Now the most detestable character crown goes to Karen, who spits venom at everyone after giving birth to a half-Asian baby with Down’s syndrome. It’s not a huge surprise that Lip isn’t the father of Karen’s baby, and hopefully, this means Lip can finally stop struggling with the concept of fatherhood and pull himself out of the nosedive he’s been in all season. But now that the baby has been born, Karen’s utility as a character is about to become a whole lot more baffling. Unless something new is introduced in the season finale, Shameless is going to run into the same issue in season three that it had at the beginning of season two: so many characters, so little time.


Stray observations:

  • What ever happened to Jasmine? I didn’t expect to ever say this, but I kind of miss her, and wish there had been more of a plan for what could have been an interesting character. It seems like she’s a casualty of the choice to make Shameless an ensemble show, rather than a character study of Fiona. There’s just not enough room for a character like Jasmine to really blossom.

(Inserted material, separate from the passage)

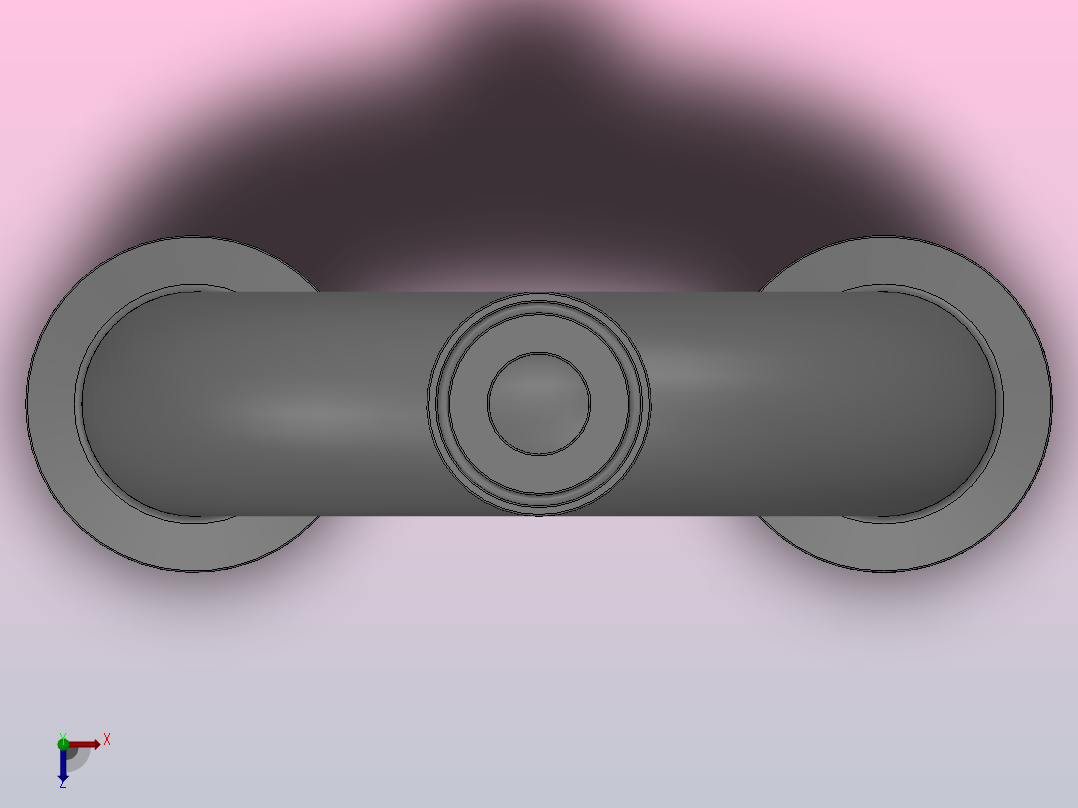 180°卡式U型三通[1506209-000250]俯视图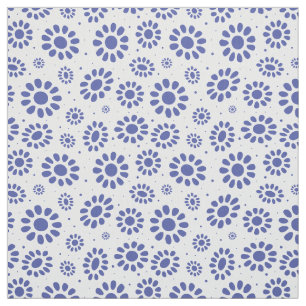 Hampton's Style Blue White Abstract Floral Pattern Fabric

  • Back to the inanity of the Marco-Estefania resolution: Having Marco menace Steve/Jimmy with a corkscrew sticking out of his butt cheek is an example of the problem with this show’s constant outrageousness one-upsmanship. I’ll see your naked Jody, and raise you a naked Marco with a bleeding butt wound.
  • I think I’d watch a show about Jody, Sheila, and the baby.
  • It’s surprising that the show has never used “Blitzkrieg Bop” in a scene before, but better late than never.